TSCPA News

TIGTA Releases Report on IRS Tax Return Backlog

September 21, 2022

The Treasury Inspector General for Tax Administration (TIGTA) recently released an audit report sharing the results of its continued assessment of IRS efforts to address the backlog of tax returns and other related work.

The report found that backlogs from the 2020 filing season were still affecting the IRS' ability to provide timely service during this year's filing season. At the close of 2021, the IRS reported over 8.2 million tax returns and 2.6 million tax account transactions in inventory. As of Sept. 9, the IRS has 7.2 million unprocessed individual returns, including tax year 2021 returns and late-filed prior-year returns. Of those, 1.6 million returns need error correction or other special handling, and 5.6 million are paper returns. Although the IRS expedited its hiring and set up surge teams to help with processing returns, the report said that IRS officials did not take appropriate measures to address delays in processing tax transcripts, amended returns and other work.

Per the TIGTA report, the IRS continues to have significant inventory backlogs at its tax processing centers, and efforts to reduce the backlogs are being delayed partially due to ongoing hiring shortfalls. The Tax Processing Centers had almost 1.8 million amended individual returns in inventory as of April 25. The IRS sent approximately 300,000 amended individual returns to Accounts Management, which also has a large backlog of amended individual returns.

The backlog has differed across processing centers due to the number of available staff at each center. As of Dec. 10, 2021, the Kansas City Tax Processing Center had over 751,000 unprocessed transcript requests compared to a little more than 145,000 unprocessed transcript requests at the Ogden Tax Processing Center. The IRS had an imbalance between its available staff at these centers, with 183 employees in Ogden versus 70 in Kansas City. The report said that as of March 2022, about three months after TIGTA brought this concern to management's attention, no actions had been taken to address the Kansas City backlog. On March 10, the IRS announced plans to address the continuing backlog of tax returns and other account work during the 2022 filing season. The aim is to return to healthy inventory levels, which the IRS defines as pre-pandemic levels, by the end of 2022.

In a prior report, TIGTA recommended the IRS evaluate and purchase updated or new mail opening and sorting technology on a timely basis. IRS officials agreed with the recommendation and told TIGTA in March that the agency was taking steps to conduct market research and complete a statement of work regarding the replacement of the technology, which is 20 years old. As of May 11, funding had yet to be allocated, the report said. Because the procurement actions depend on funding, IRS management said it will re-evaluate this effort if implementation is not successful within three years.

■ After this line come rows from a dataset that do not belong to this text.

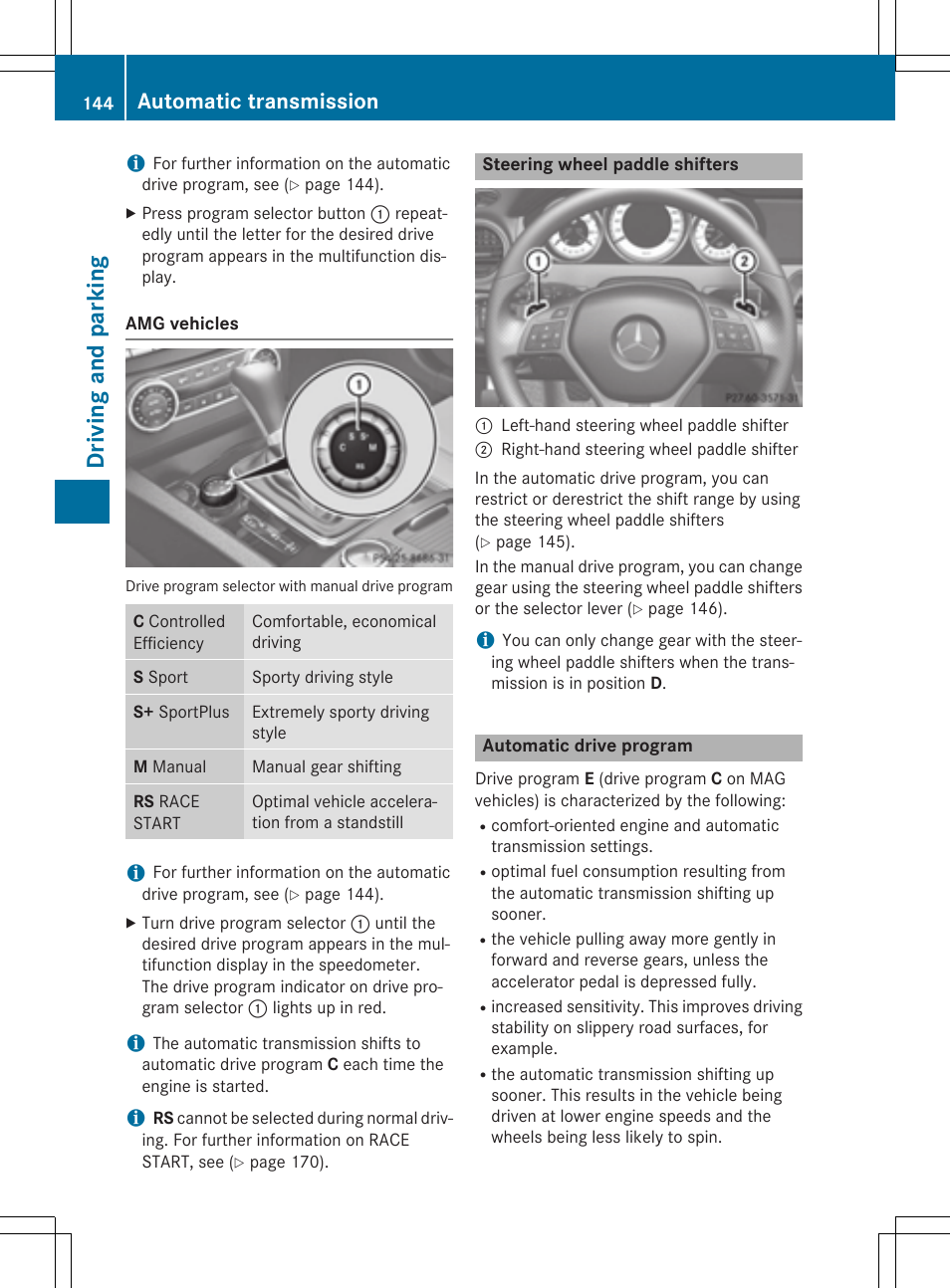 Dri vin g and parking, Automatic transmission | Mercedes-Benz C-Coupe 2015 Owners Manual User Manual | Page 146 / 354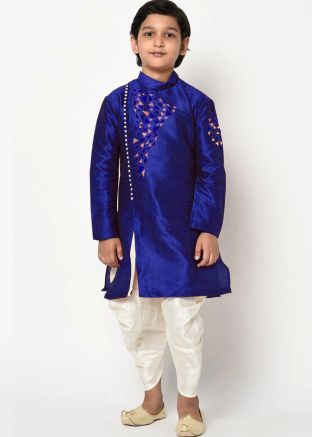 Angrakha Blue Readymade Kurta With Plain Dhoti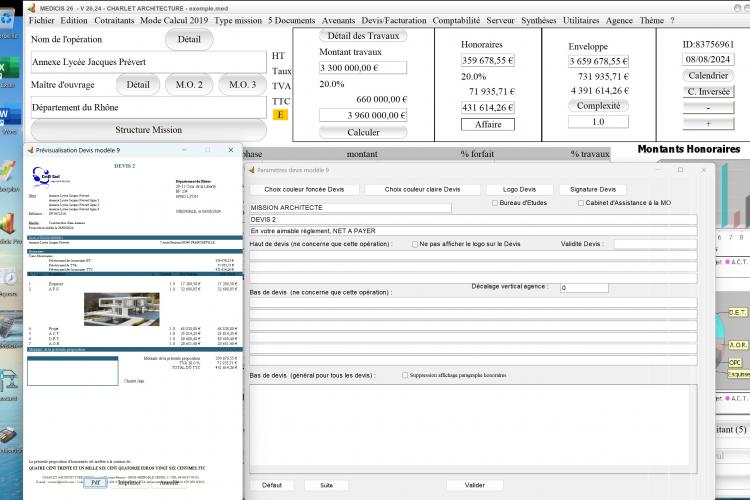 amélioration du modèle 9 de devis du logiciel de gestion d'honoraires Architecte Médicis Mac et PC v26.24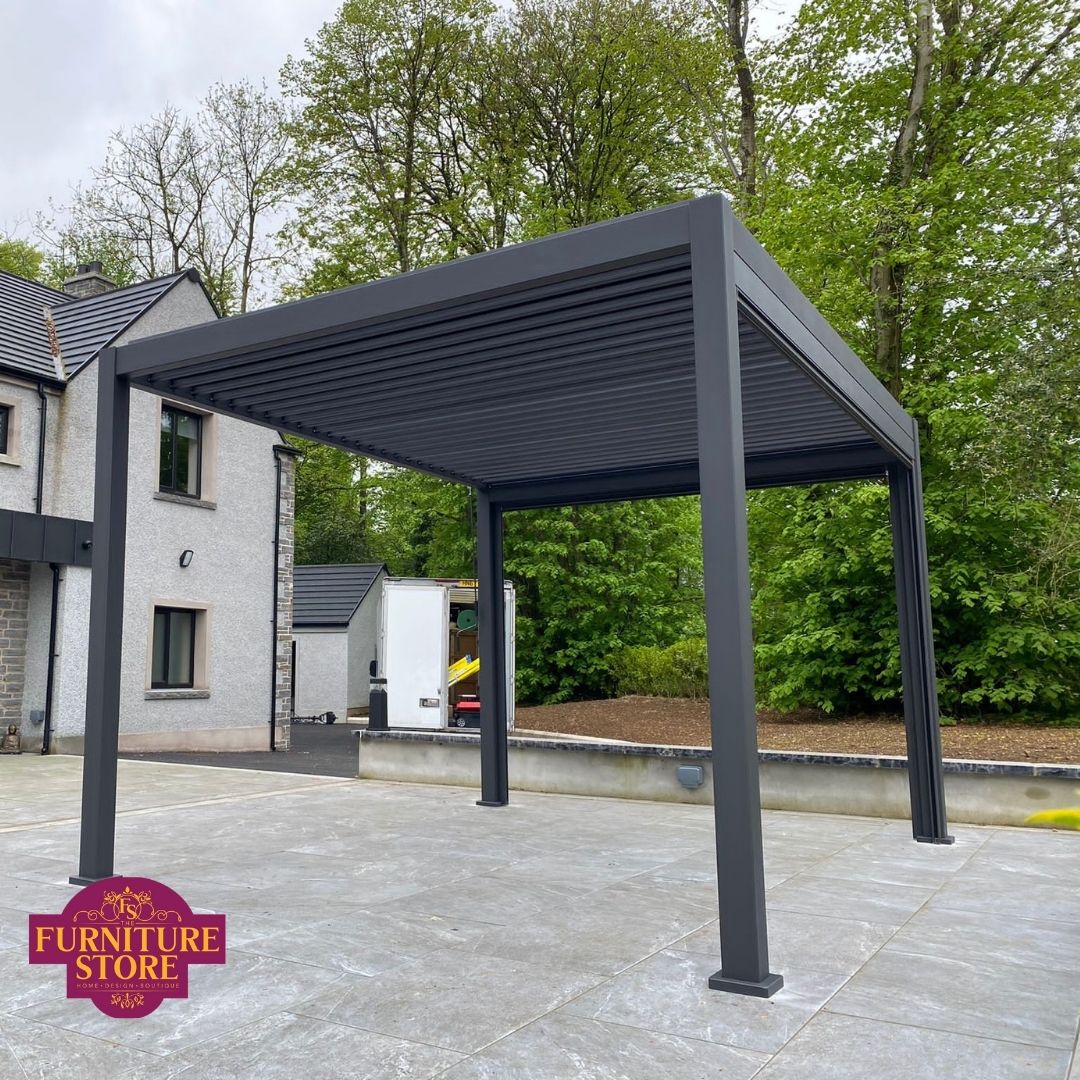 Hilton Aluminium Pergola in Graphite Grey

TIGTA made nine recommendations in the new report, including actions to take steps right away to address the imbalance of tax processing center staffing for transcript requests and weigh alternatives for using employees detailed from the Small Business/Self-Employed Division to address the backlog of amended returns in the submission-processing function. The IRS agreed with all of the report's recommendations. The IRS stated it plans to address the imbalance of certain transcript requests; however, TIGTA noted that the action described did not specifically address its concerns. TIGA said it would continue to monitor this issue.

In response to the report, the IRS said the pandemic and the labor market have affected its ability to process the backlog of tax returns. The processing of Economic Impact Payments also contributed to the backlog last year, the agency said. IRS officials said that individual returns for tax year 2020 had a high rate of errors made by taxpayers when reconciling their Economic Impact Payments received in 2020 and calculating additional amounts of Recovery Rebate Credits due. These errors caused the returns to stop processing while waiting for an employee to manually review them. The volume of returns in the queue overwhelmed available staff, which led to substantial processing delays, the IRS said. For the 2022 filing season, the IRS automated the process and as of July 8, nearly 12.5 million returns with those types of errors were corrected and released.

The IRS has been pursuing other automation solutions for processing tax account and tax return transcript requests through its Income Verification Express Service and third-party authorizations. Those automated programs eliminated the need to print over 48 million faxed documents the IRS receives each year. Additionally, the IRS is planning to use the extra funding it is receiving via the Inflation Reduction Act to use optical character recognition technology to automate the processing of paper documents. For processes where handling paper cannot be eliminated, the IRS is seeking a solution that will extend beyond replacing its current mail-sorting and processing equipment to include the full extraction and digitalization of paper documents. Last week, Treasury Secretary Janet Yellen announced the IRS will automate the scanning of millions of individual paper returns into digital copies during the next filing season.